» Work required: Give again, word for word, each line below starting at the one that contains "Сценаристы готовы подписать контракт" and ending at the one that contains "Придбати вживані шини".

» Dataset extract:

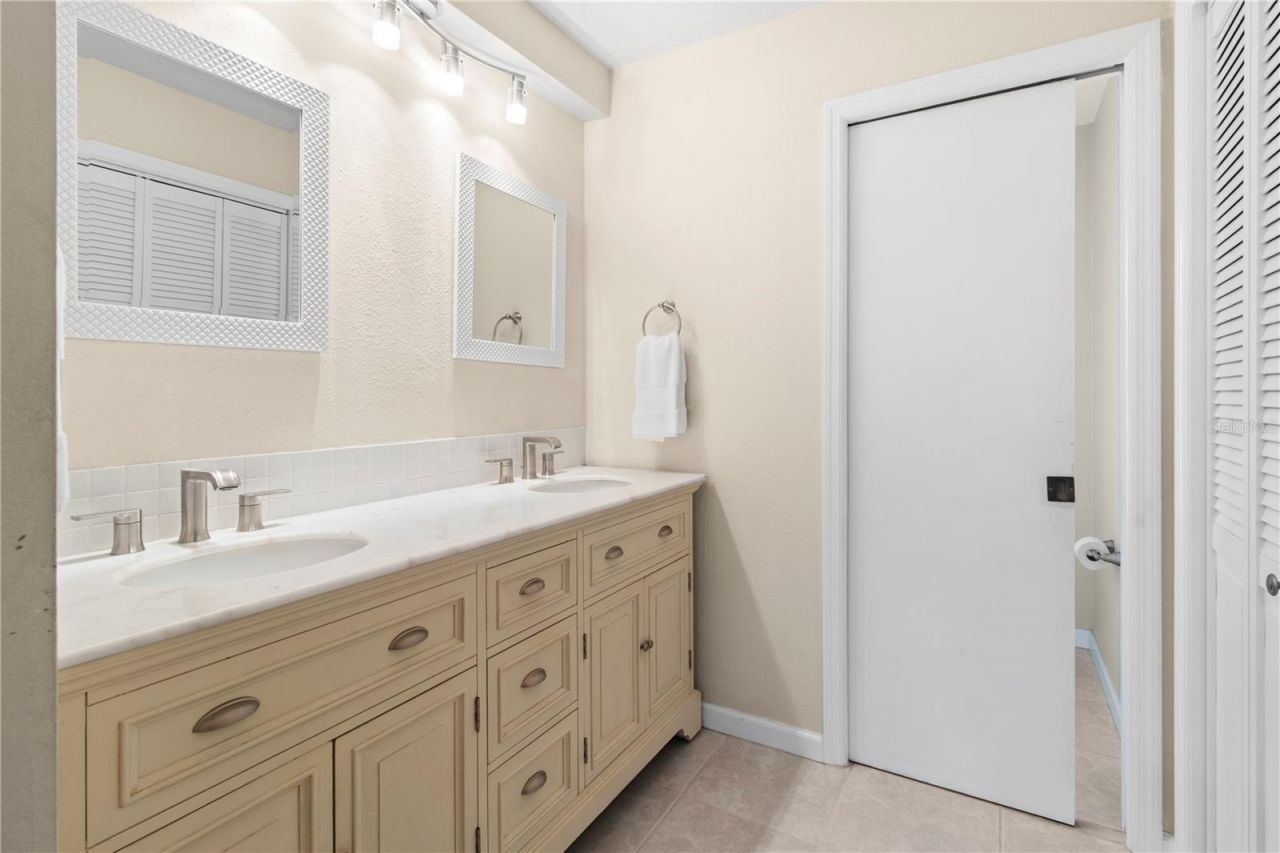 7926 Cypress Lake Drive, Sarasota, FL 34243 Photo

==

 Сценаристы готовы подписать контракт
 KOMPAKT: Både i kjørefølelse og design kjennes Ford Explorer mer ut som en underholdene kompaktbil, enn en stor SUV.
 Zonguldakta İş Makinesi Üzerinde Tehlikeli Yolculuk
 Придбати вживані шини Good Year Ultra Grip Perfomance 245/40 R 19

» Solution:
 Сценаристы готовы подписать контракт
 KOMPAKT: Både i kjørefølelse og design kjennes Ford Explorer mer ut som en underholdene kompaktbil, enn en stor SUV.
 Zonguldakta İş Makinesi Üzerinde Tehlikeli Yolculuk
 Придбати вживані шини Good Year Ultra Grip Perfomance 245/40 R 19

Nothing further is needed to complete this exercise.